**What you will do**
Give the whole listing below once more, exactly, without pictures.

**The data**
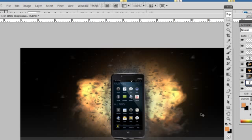There's your tutorial on how to create an explosive background. Now obviously you can use this for anything. It doesn't have to be a phone. It could be virtually anything you want.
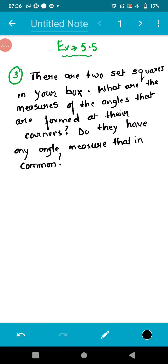Hello everyone. In this session I will explain question number three and four of Exercise 5.5. So there are two set squares in your geometry box, and we need to find the measures of the angles formed at their corners.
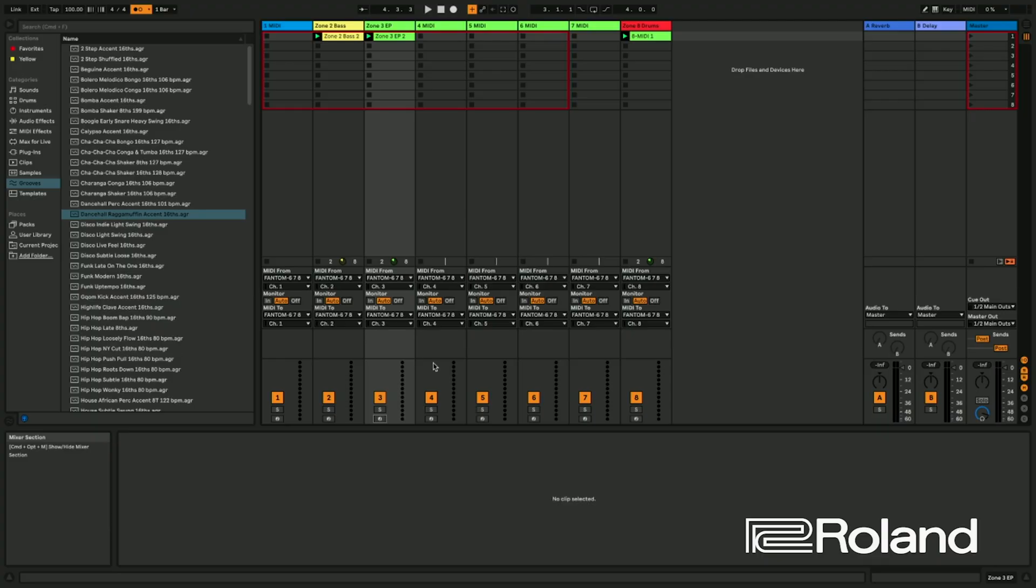So in the last video, we demonstrated how to record MIDI inside the Session View or Live Set, the Session View of Ableton. Very easy, but in this video we're going to do something similar, but this time inside Arrangement View.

**Answer section**
There's your tutorial on how to create an explosive background. Now obviously you can use this for anything. It doesn't have to be a phone. It could be virtually anything you want.
Hello everyone. In this session I will explain question number three and four of Exercise 5.5. So there are two set squares in your geometry box, and we need to find the measures of the angles formed at their corners.
So in the last video, we demonstrated how to record MIDI inside the Session View or Live Set, the Session View of Ableton. Very easy, but in this video we're going to do something similar, but this time inside Arrangement View.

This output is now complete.